Third, FARJHO provides a natural built-in buffer to conventional renting to avoid potential eviction when the tenants temporarily lose their monthly income capability. The equity stake of the renter/co-owner of the FARJHO structure could act as an optional voluntary collateral against missed monthly rent payments and therefore provides property investors with enhanced investment security through less credit risks and at the same time provides the tenants/co-owners with more home occupying stability during the rainy days in their working lives.

All these new features were specifically designed to make the new home ownership structure of FARJHO more than simply an attractive financial investment vehicle for free market based property investors. Among its main goals is to also provide neighborhood stability and social harmony by eliminating the possibility of foreclosures and reducing the likelihood of eviction for home occupiers.

2.) The three features of SwapRent (http://www.swaprent.com) as a new non-debt financing alternatives for home owners and small businesses are:

It allows home owners or any property owners to share a part of the appreciation potential of their properties with other free market based investors through letting these investors share a part of the cash flow responsibilities in a real estate property ownership so that the current properties owners could obtain alternative temporary non-debt based either short term or long term financing that has never been made possible before.

These goals could be accomplished through the new economic owning, renting and own-rent switching concepts and business methods of SwapRent for managing real estate properties.

It allows home owners to separate the investment value from the shelter value of owning a real estate property, i.e. the issue of the management of the financial investment aspect of owning a home away from the issue of the stability of a suitable shelter or a place to live in.

FARJHO and SwapRent could indeed be used either together or separately.

I would like to emphasize the importance of understanding that both FARJHO and the SwapRent contracts could be perfectly used as new non-debt based financing alternatives for both home owners and small businesses to revitalize the national economy at the grassroots level.
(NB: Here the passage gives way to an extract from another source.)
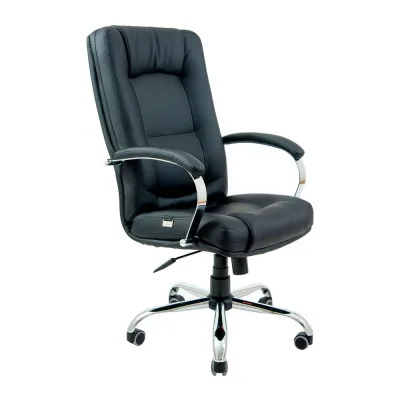 Офісне крісло Richman Альберто Хром П1 M-1 (Tilt) Флай 2230 (R00000049864)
These new proposed financing alternatives seem to be exactly what our country and many other countries in Western Europe urgently need at the present time.

Just try to think, when home owners and small business property owners who could not get conventional bank loan financing have run out of all other means, including perhaps items to bring to the pawnshops, wouldn’t it be nice for them to have a new way to get paid by letting other people share a part of the equity of the homes or other real estate properties that they own in the form of either shared equity ownership or simply shared appreciation rights rather than a collateralized or mortgaged debt that would need a steady income stream to service the monthly payments and/or a burden to repay at maturity date.

The delivery of these new innovative services could be performed under the Internet based crowdfunding portal sites such as http://www.farjho.com for FARJHO and/or http://www.reidex.com for SwapRent to bypass the Wall Street middlemen and get the economic benefits of these new services delivered directly to mom and pop small business folks on Main Street. More consumer choices is always a good thing under free market capitalism.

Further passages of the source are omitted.